現代美術用語辞典 1.0
リヨン現代美術ビエンナーレ
Lyon Biennale of Contemporary Art/ Biennnale de Lyon
2009年01月15日掲載
フランス第二の都市であるリヨン市と仏文化省が、脱中心(パリ)化とライン=アルプス地方との新たな地方主義の方針の下で1991年に開始したフランスを代表する現代美術のビエンナーレ。リヨン市長を総裁とし、ティエリー・プラットとティエリー・ラスパイの芸術監督の下、統一テーマを立てて市立美術館を中心とする市内数カ所で展示と関連イヴェントが行なわれる。93年の第2回以降はドクメンタ同様ゲスト・キュレーターの指針が大きな動向をなす。初回の「芸術の愛」では、仏国内で活動するさまざまな国籍の69名が各自120平方メートルのスペースで個展を行ない、フランスの美術における現在を展望。93年にはゲスト・キュレーターにM・ダシィを迎え「彼らは完全に世界を変えた」と題してK・マレヴィッチやM・デュシャンなど20世紀を代表する約50名の作品を展示し、史的概観性を深めた。
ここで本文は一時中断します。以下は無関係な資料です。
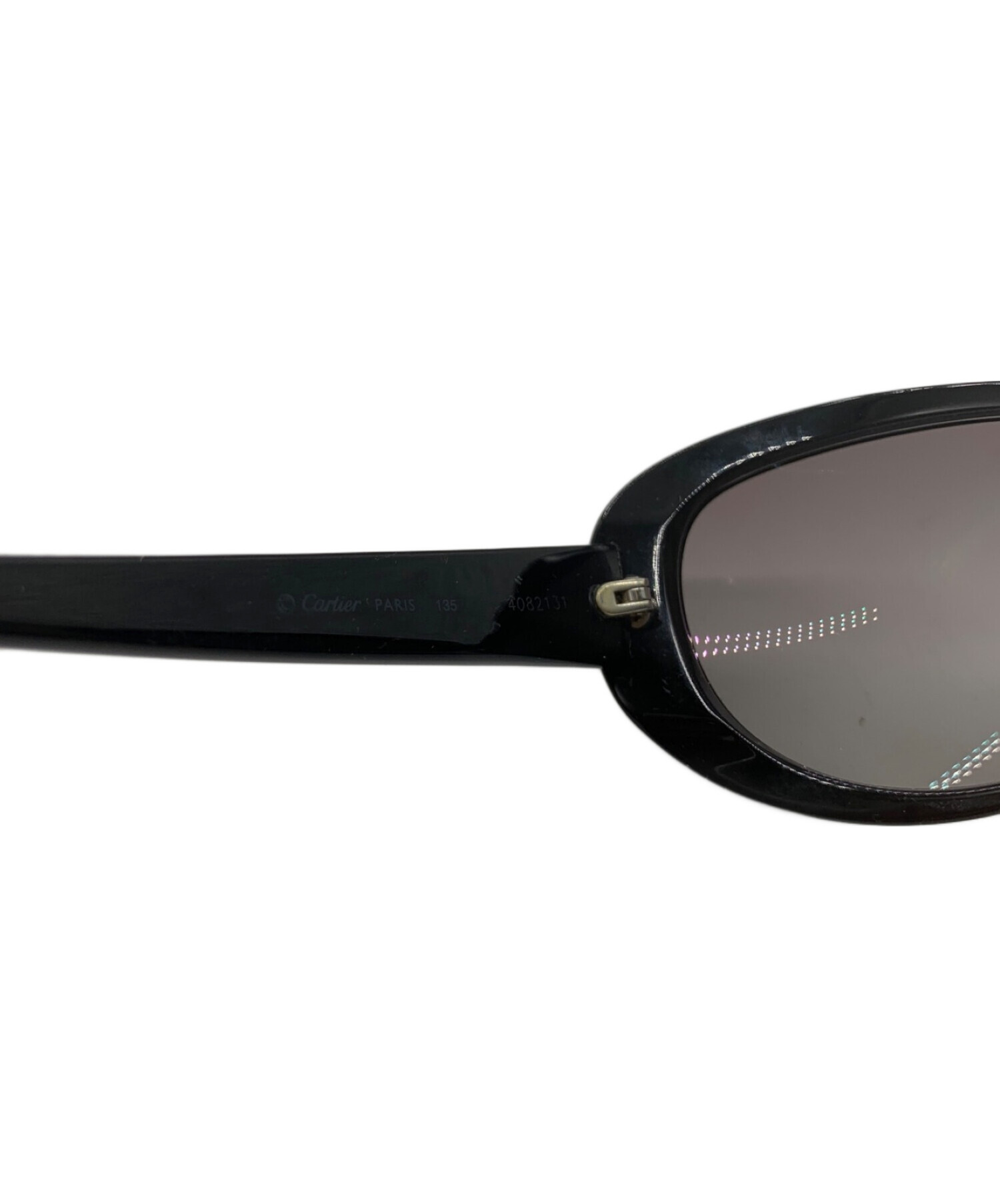 Cartier ブラック サングラス 中古・古着通販】Cartier (カルティエ) サングラス ブラック｜ブランド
95年はG・レイの下、タイトルを掲げずにシネマトグラフからヴィデオ、コンピュータに至る「動くイメージ」の動向を振り返り、同時にその現在形としてマルチメディアを利用したパフォーマンスやインタラクティヴ・アートが展開された。97年のH・ゼーマンは「他者」のテーマの下、世界に異種的衝撃を与えてきた60年代以降の作家たちと、特に女性作家を多く取上げ評価を受けている。